◆ AVAILABLE RECORDS ◆
= = = =

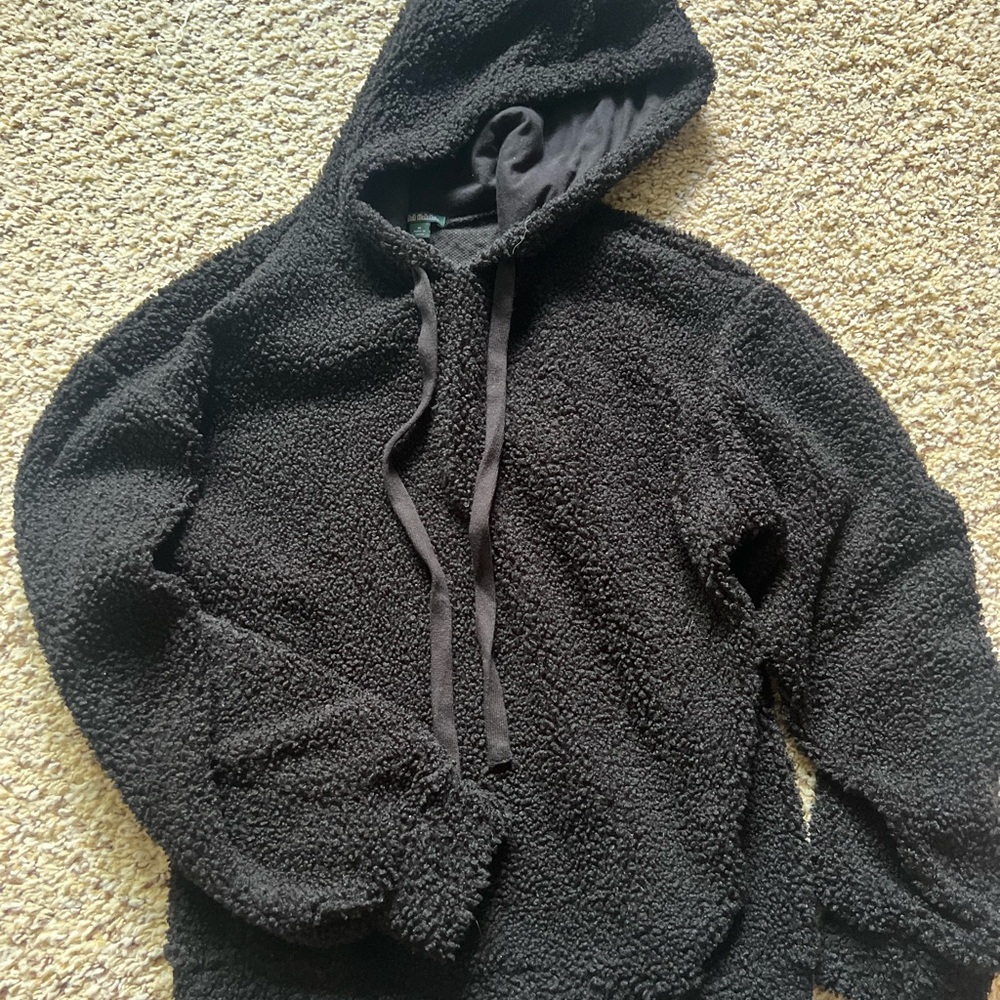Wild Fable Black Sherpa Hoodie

= = = =

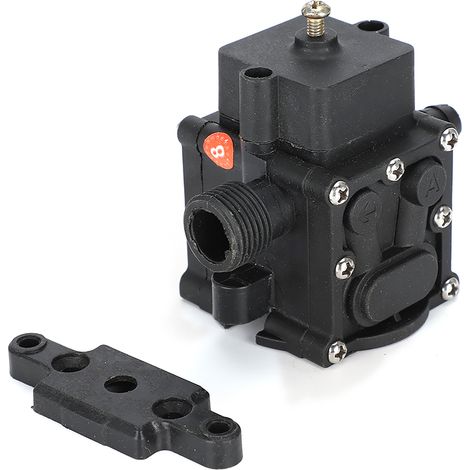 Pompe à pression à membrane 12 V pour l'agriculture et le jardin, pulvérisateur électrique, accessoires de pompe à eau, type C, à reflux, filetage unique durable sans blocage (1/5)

= = = =

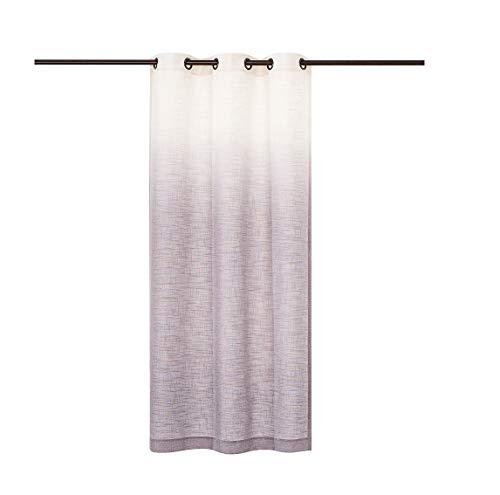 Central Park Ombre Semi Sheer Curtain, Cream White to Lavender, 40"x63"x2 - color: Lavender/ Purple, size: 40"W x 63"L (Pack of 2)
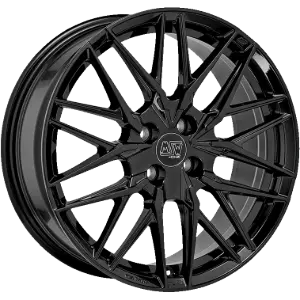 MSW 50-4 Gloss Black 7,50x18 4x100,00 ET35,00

= = = =

◆ WHAT IS EXPECTED ◆
Restate word for word every line from the one with "Central Park Ombre" up to and including the one with "MSW 50-4 Gloss" in the records above, minus the pictures.

◆ RESULT OF THIS TASK ◆
 Central Park Ombre Semi Sheer Curtain, Cream White to Lavender, 40"x63"x2 - color: Lavender/ Purple, size: 40"W x 63"L (Pack of 2)
 MSW 50-4 Gloss Black 7,50x18 4x100,00 ET35,00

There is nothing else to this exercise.